Captioned web image data
▼▼▼

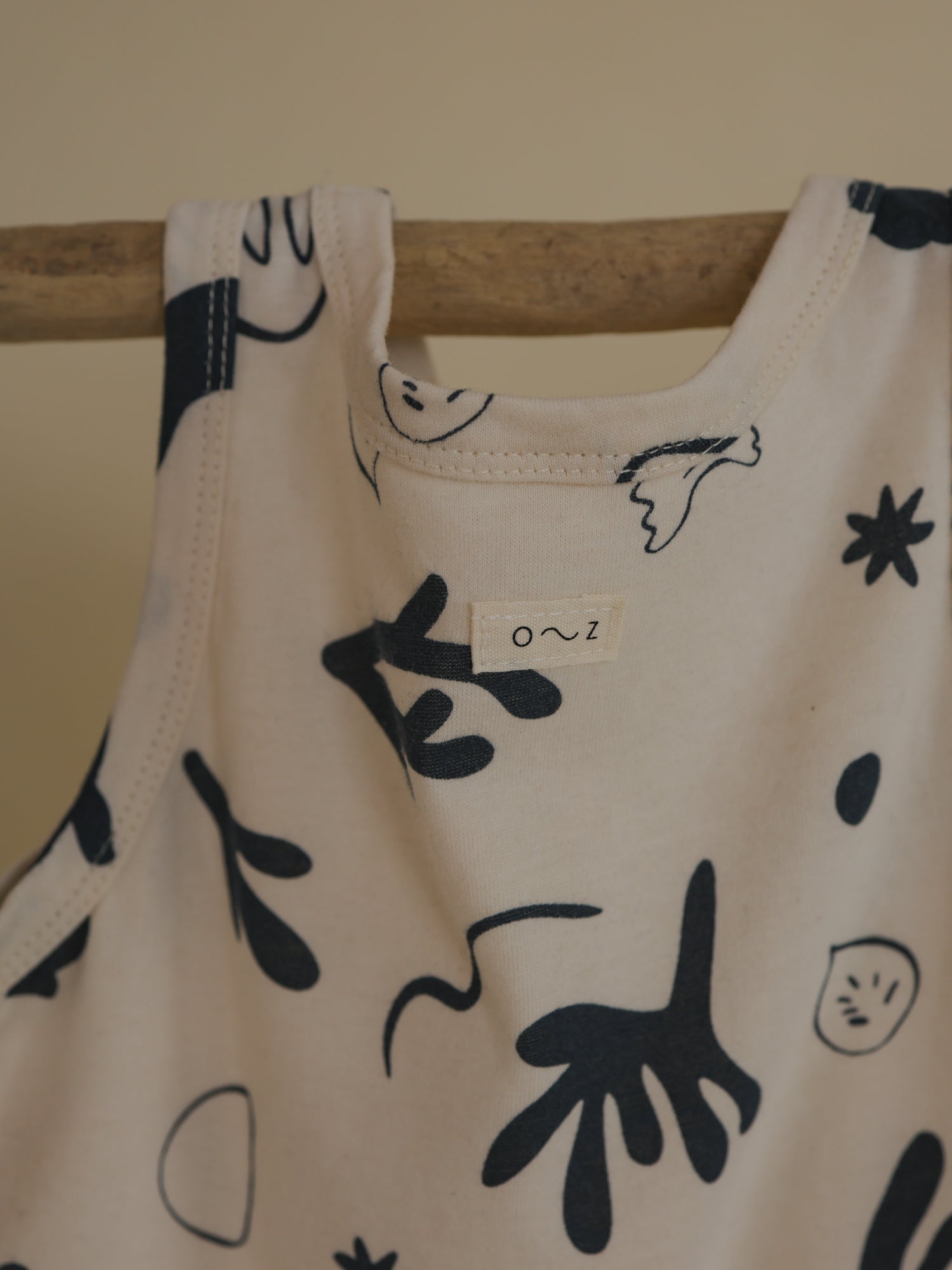 undyed cotton capri vest in white with navy ocean-inspired print & o~z label hanging on rod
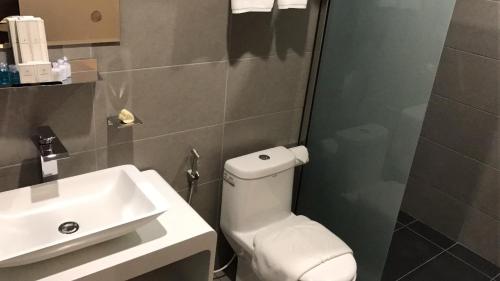 a bathroom with a white toilet and a sink at Diamond Inn in Kota Kinabalu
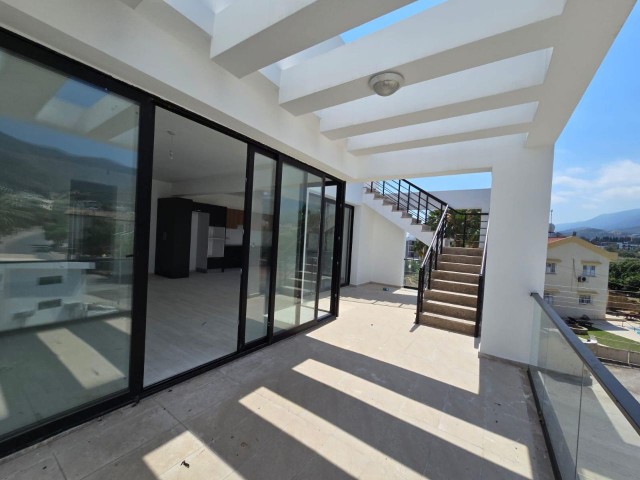 NEW ENSUITE 3+1 FLAT WITH MOUNTAIN AND SEA VIEWS IN GIRNE ALSANCAK AREA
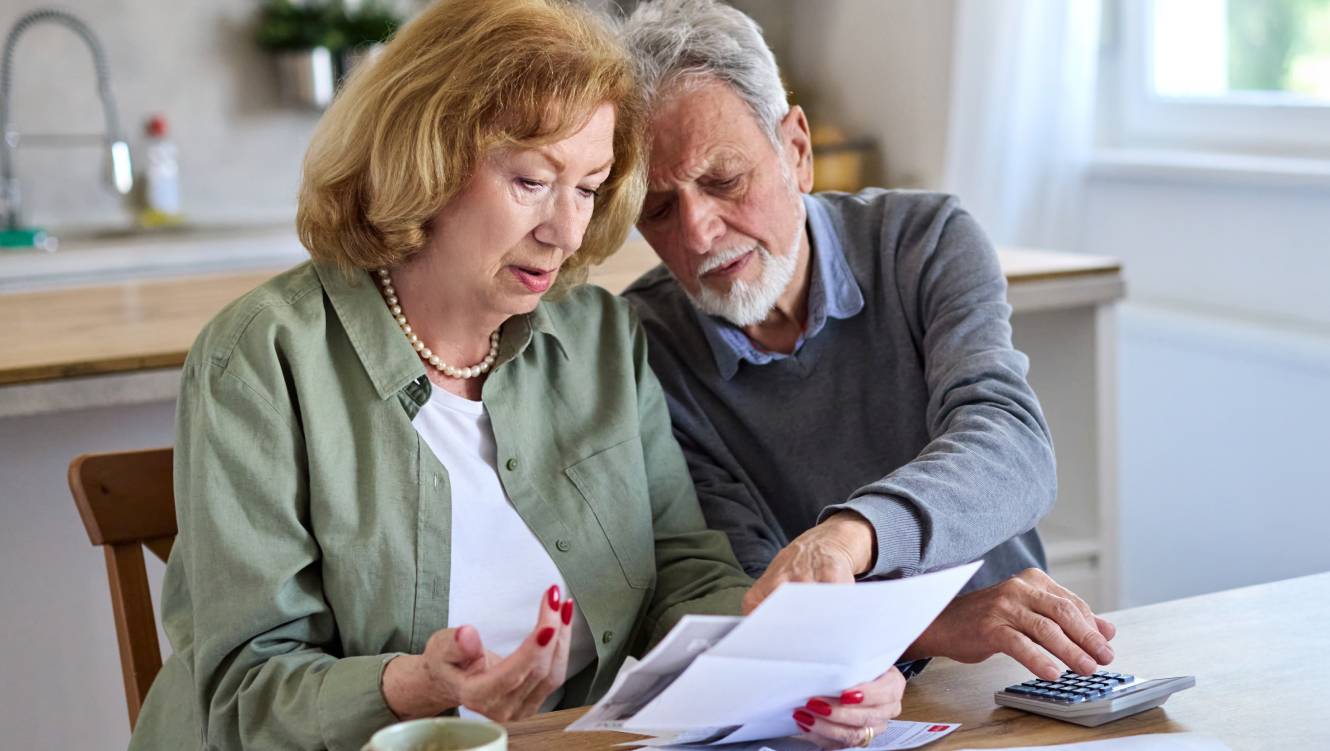 Senior couple checking bills and calculating expenses using a calculator at home, debt taxes and home budget concept, worried married elderly couple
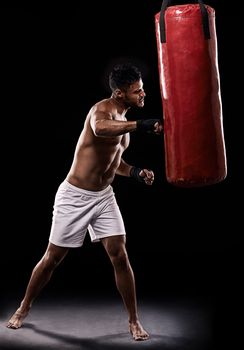 I dont need a weapon...I am one. Studio shot of kick boxer working out with a punching bag against a black background.
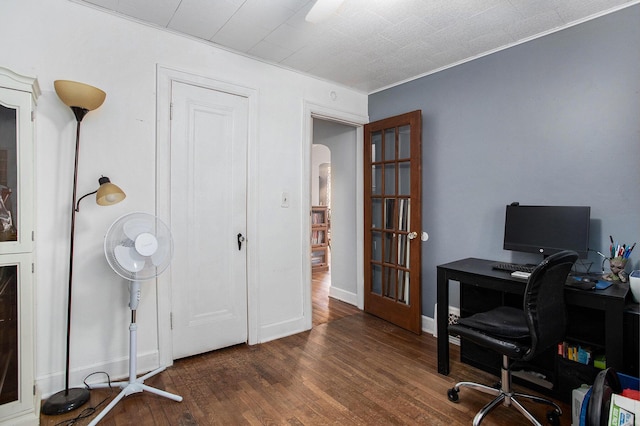 office space with wood-type flooring, arched walkways, and baseboards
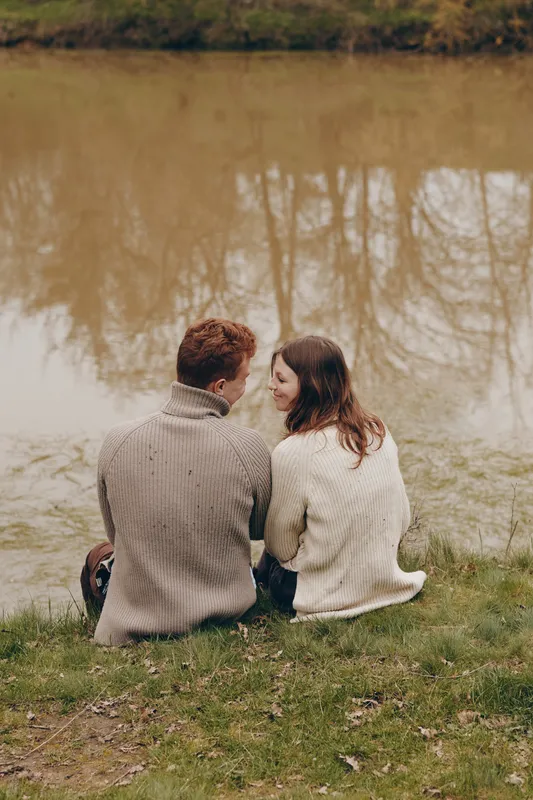 A couple sits side by side on the grass by a calm lake, wearing cozy sweaters, sharing a quiet moment, and enjoying a gentle autumn scene in a serene outdoor park setting.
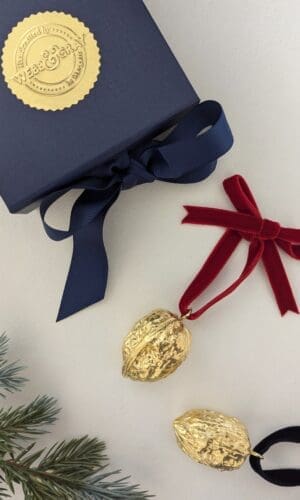 Gold walnut tee decorations with a navy gift box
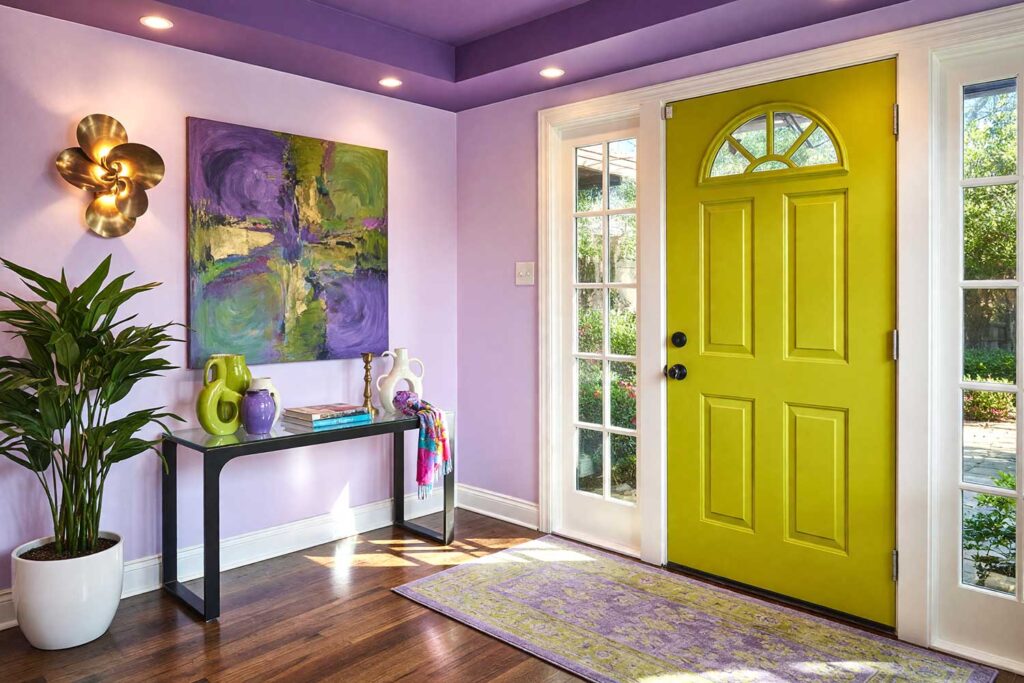 Art House Entry Foyer with Iced Violet Walls and Chartreuse Door-4, art house entry foyer featuring iced violet walls chartreuse door cool soft white trim and deep amethyst ceiling in a freshly painted Scottsdale neighborhood home. bold decor includes black console table abstract vases brass candlestick and a patterned area rug illuminated by strong morning sunlight casting sharp shadows and bright highlights creating a vibrant and creative entrance, moody color, accent wall, accent ceiling, painted ceiling, tone-on-tone, bold color contrast, color palette, coordinating colors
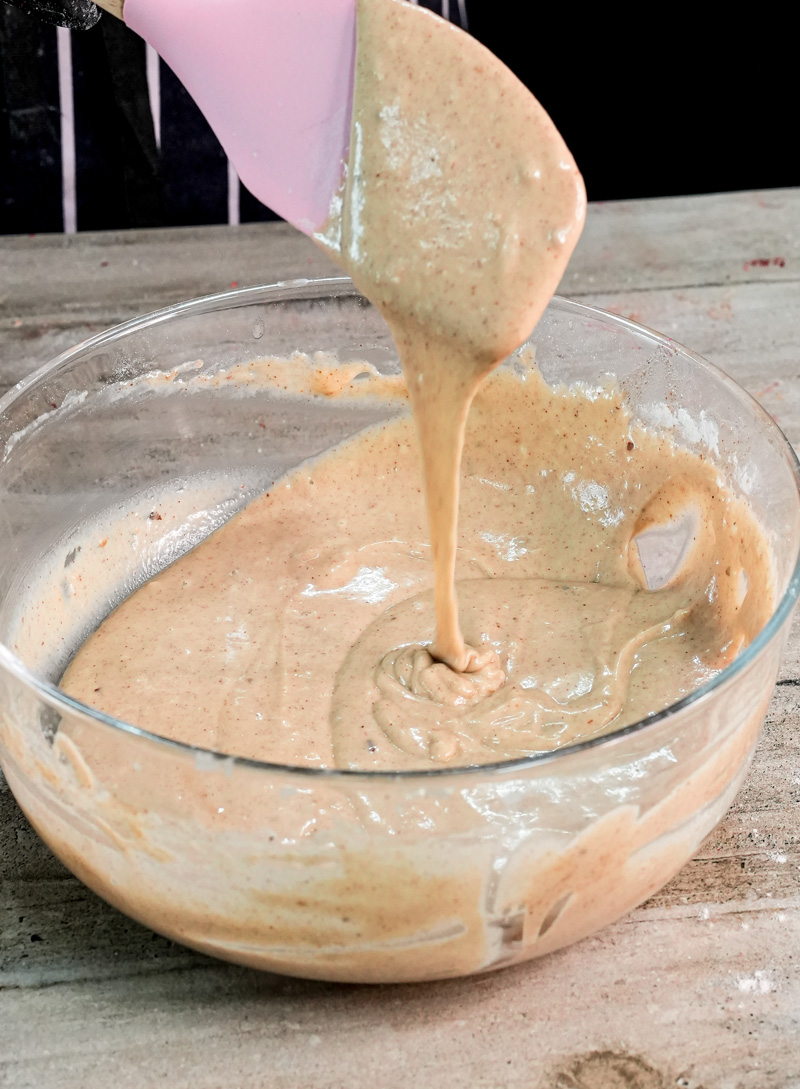 Mixing peanut butter pancake batter with pink spatula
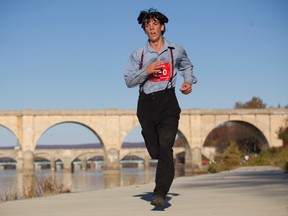 In this photo taken on Sunday, Nov. 8, 2015, Leroy Stolzfus, of Gordonville runs in the 2015 Harrisburg Marathon in Harrisburg, Pa. The Pennsylvania man turned heads as he whizzed by fellow runners at the Harrisburg Marathon, not because of his speed, but because of his unusual racing attire. Stolzfus finished the 26.2-mile race in just over three hours and five minutes — all while wearing his community's traditional clothing.  (Daniel Zampogna /PennLive.com via AP)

▲▲▲

Problem details
Please restate word for word the lines above, starting with the line that holds "office space with" and ending with the final line of the records, while leaving out pictures.

Solution to this problem
 office space with wood-type flooring, arched walkways, and baseboards
 A couple sits side by side on the grass by a calm lake, wearing cozy sweaters, sharing a quiet moment, and enjoying a gentle autumn scene in a serene outdoor park setting.
 Gold walnut tee decorations with a navy gift box
 Art House Entry Foyer with Iced Violet Walls and Chartreuse Door-4, art house entry foyer featuring iced violet walls chartreuse door cool soft white trim and deep amethyst ceiling in a freshly painted Scottsdale neighborhood home. bold decor includes black console table abstract vases brass candlestick and a patterned area rug illuminated by strong morning sunlight casting sharp shadows and bright highlights creating a vibrant and creative entrance, moody color, accent wall, accent ceiling, painted ceiling, tone-on-tone, bold color contrast, color palette, coordinating colors
 Mixing peanut butter pancake batter with pink spatula
 In this photo taken on Sunday, Nov. 8, 2015, Leroy Stolzfus, of Gordonville runs in the 2015 Harrisburg Marathon in Harrisburg, Pa. The Pennsylvania man turned heads as he whizzed by fellow runners at the Harrisburg Marathon, not because of his speed, but because of his unusual racing attire. Stolzfus finished the 26.2-mile race in just over three hours and five minutes — all while wearing his community's traditional clothing.  (Daniel Zampogna /PennLive.com via AP)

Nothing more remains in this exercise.